The 100ms extra time is nothing. I mean - are you trying to solve at Google or Amazon scale?
I run simple Lambdas that read from some SNS topics, apply some transforms and add metadata to the message, and route it somewhere else. I get bursts of traffic at specific peak times. That’s the use case and it works well. The annoying part is Cloud Formation templates but that’s another topic.
Let’s say I’m processing messages off a queue. P90 @ 50ms vs p90 at 100ms doesn’t necessarily make a difference. What are my downstream dependencies? What difference does it make to them?
At the end of the day, value is what you care about - not necessarily chasing a metric because lower is absolutely better. What’s the cost of another x milliseconds of latency considering other trade offs (on going operational burden, extensibility, simplicity, scalability, ease of support etc etc).
If 50 ms latency means I can have a solution that can auto scale to massive spikes in traffic due to seasonality or time of day vs a reduction of that latency but I have to spend time capacity planning hardware and potentially holding extra capacity “just in case”, then again, optimizing for a single metric is pointless.
It's obviously at a different point in the stack, but the promise is similar: "Just say what you want and it magically happens" — and indeed that's the case for FaaS when your problem is small enough. But XML-configured frameworks also offered that convenience for their "happy problem space". You could get things done quickly as long as you were within the guard rails, but as soon as you stepped outside, the difficulty exploded.
I'm not convinced AWS Lambda is all that different from a web framework, it's just on a higher level. Instead of threads responding to requests, you have these opaque execution instances that hopefully will be spun up in time. Instead of XML files, you have a dense forest of AWS-specific APIs that hold your configuration. That's how it looks from the outside anyway.
The promise of serverless is pretty simple, and pretty useful for the right use case - be it unpredictable load, or just very low load, or very frequent deployments, or pricing segmentation, or you don't have anyone as DevOps, and so on and so forth.
I don't recall anyone saying there's any magic involved. The premise is exactly same as cloud compute - you (possibly, depends on ABC) don't need to provision and babysit a server to perform some action in response to http request (or in case of aws lambda, other triggers as well).
I have had so many conversations with devops managers and developers who are individual contributors and the Lambda hype reached frothing levels at one point.
Contradictory requirements of scale down to zero, scale up infinitely with no cold starts, be cheap and no vendor lock in seemed to all be solved at the same time by Lambda.
Testability? Framework adoption? Stability? Industry Skills? Proven Architectures...? Are some of the other question marks I never heard a good answer for.
If you haven’t heard the “right answers” for those questions you haven’t been listening to the right people.

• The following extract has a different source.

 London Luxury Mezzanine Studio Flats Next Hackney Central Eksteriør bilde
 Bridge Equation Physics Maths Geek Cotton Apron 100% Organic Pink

Lambdas are just as easy to test as your standard Controller action in your framework of choice.
So you tried it? I don't remember it being hard to set up, at least compared to a DB. Or, you can use the underlying docker images (open source, https://github.com/lambci/lambci) to run your Lambdas in. SAM provides some nice abstractions, e.g. API gateway "emulation", posting JSON to the function(s), or providing an AWS SDK-compatible interface for invoking the functions via e.g. boto3. This way you can run the same integration tests you would run in prod against a local testing version.
Your handler should just accept the JSON value and the lambda context and then convert the JSON to whatever plain old object your code needs to do to process it and call your domain logic.
AWS has samples of what the JSON looks like for the different types of events. You can see the samples by just creating a new lambda in the console, click on test and then see the different types of events.
You can also log the JSON you receive and use that to setup your test harness. I don’t mean an official AAA type of unit test, it can be as simple as having a console app that calls your lambda function and passes in the JSON.
For instance in Python, you can wrapped your test harness in an
if __name__ == "__main__":
This is the same method that a lot of people use to test API controllers without using something like Postman.
The good news; you should be able to accomplish most testing locally, in memory. The bad news; your test code is probably going to be much larger and your going to have to be very aware of the data model representing the interface to the lambda and you're going to have to test the different possible states of that data.
I'll typically write all the core functionality first, test it, then write the lambda_handler function.
When you disclose something, it's a disclosure.
Why do HN folks find this so difficult? It's like putting your shoes on the wrong way around. After you've done it, it's clearly uncomfortable. So don't do it.
Serverless is specifically a stateless paradigm, making testing easier than persistent paradigms.
> Framework adoption?
Generally we use our own frameworks - I do wish people knew there was more than serverless.com. AWS throw up https://arc.codes at re:Invent, which is what I'm using and I generally like it.
> Stability? Industry Skills? Proven Architectures...?
These are all excellent questions. GAE, the original serverless platform, was around 2010 (edit: looks like 2008 https://en.wikipedia.org/wiki/Serverless_computing). Serverless isn't much younger than say, node.js and Rust are. There are patterns (like sharding longer jobs, backgrounding and assuming async operations, keeping lambdas warm without being charged etc) that need more attention. Come ask me to speak at your conference!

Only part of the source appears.